The crescendo of grief and digital group hugs over the death of pop idol Michael Jackson took down some of the Internet's top search and social networks last night. Google struggled. Twitter crashed. Facebook spun out scripting errors. Wikipedia stammered. YouTube sputtered.
In short, Jackson's death was the biggest event in the short history of social media.
The mysterious and shocking (though not surprising) demise of the King of Pop seemed to dwarf even primetime sharing moments like election night and and uprising in Iran. Last week, media maven Clay Shirky said of the Iran reaction exploding on Twitter: "This is it. The big one." And he was right - for the Internet era that was last week. This one was bigger, and here's why.
First the obvious: dying iconic pop stars trump political street battles in countries halfway around the world, unleashing a massive community of grief that will never be matched by that some of us may feel for murdered street protesters. We may think that makes us something less than a responsible, attentive society. But it's not going to change.
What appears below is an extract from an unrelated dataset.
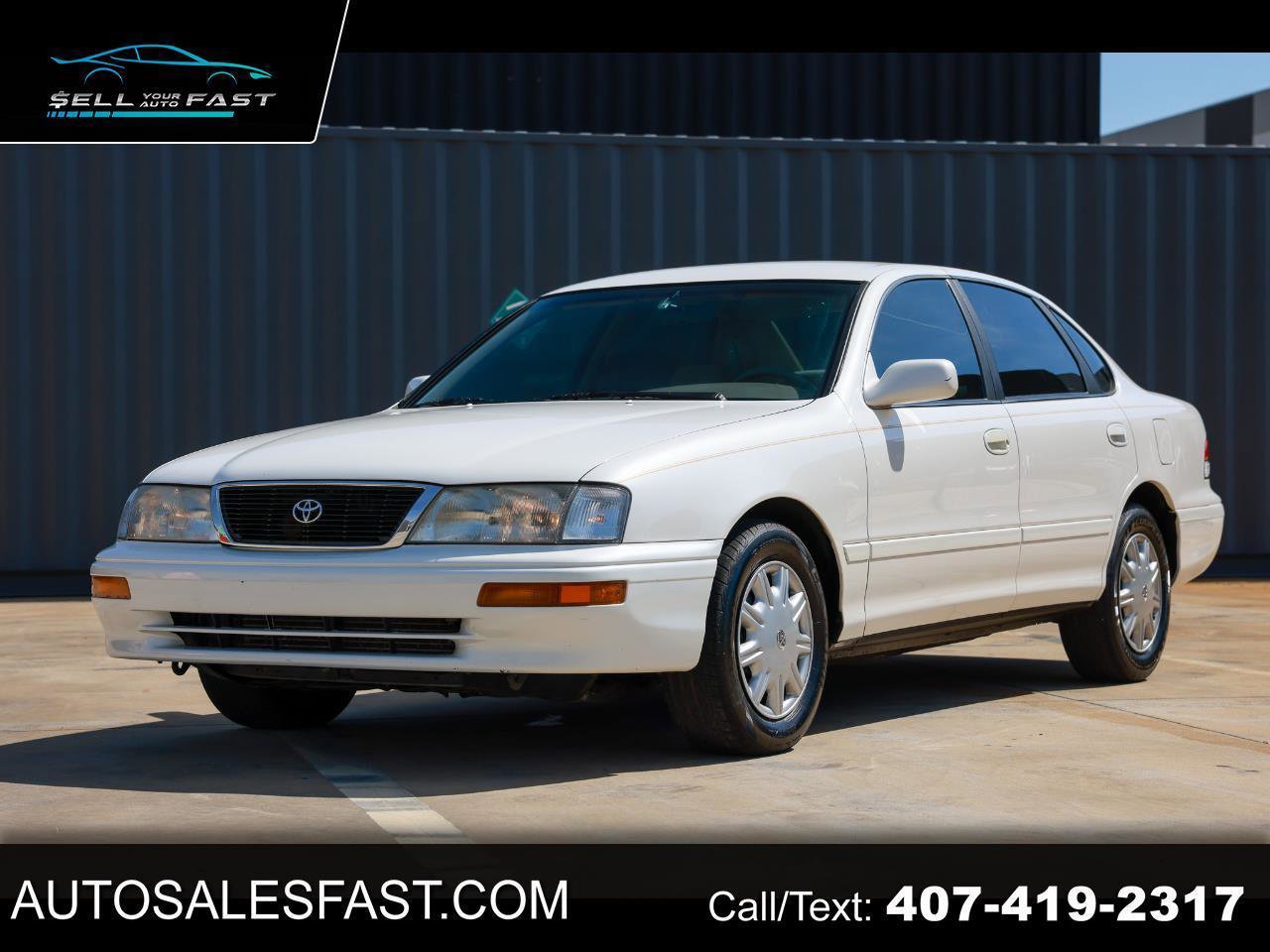 Used 1996 Toyota Avalon XL FWD image 1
So beyond the MJ icon thing, why did the news hit with megatonnage for social media? For one, the sudden spread of such cultural momentous news hit the network in the late afternoon and spread like wildfire. Huge events like the presidential election and the disputed Iran election unfolded; Jackson's death hit like a bomb.
For another, the rapid adoption of social networking among older users - ie, people who were Michael Jackson fans in his prime - made venues like Facebook, Twitter, YouTube and news search sites like Google the media of first choice. I suspect that many people used their phones to tune in, or kept cable TV on in the background while jumping into the global conversation on the social networks.
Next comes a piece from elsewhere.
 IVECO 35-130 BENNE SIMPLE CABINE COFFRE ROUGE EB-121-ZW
So everybody had something to say - and they all wanted to say it at the same time. Then too, the very nature of sites like Facebook allow the easy sharing of media; Jackson videos were everywhere last night and the sheer volume of footage shared online had to set some kind of record.
But there's another reason as well - the personal nature of social media. I think my friend Peter Daou got at the core of it with his quick Tweet after the news broke yesterday: "With the loss of anyone famous what we're really mourning is the passage of our own lives, their death a marker on OUR journey."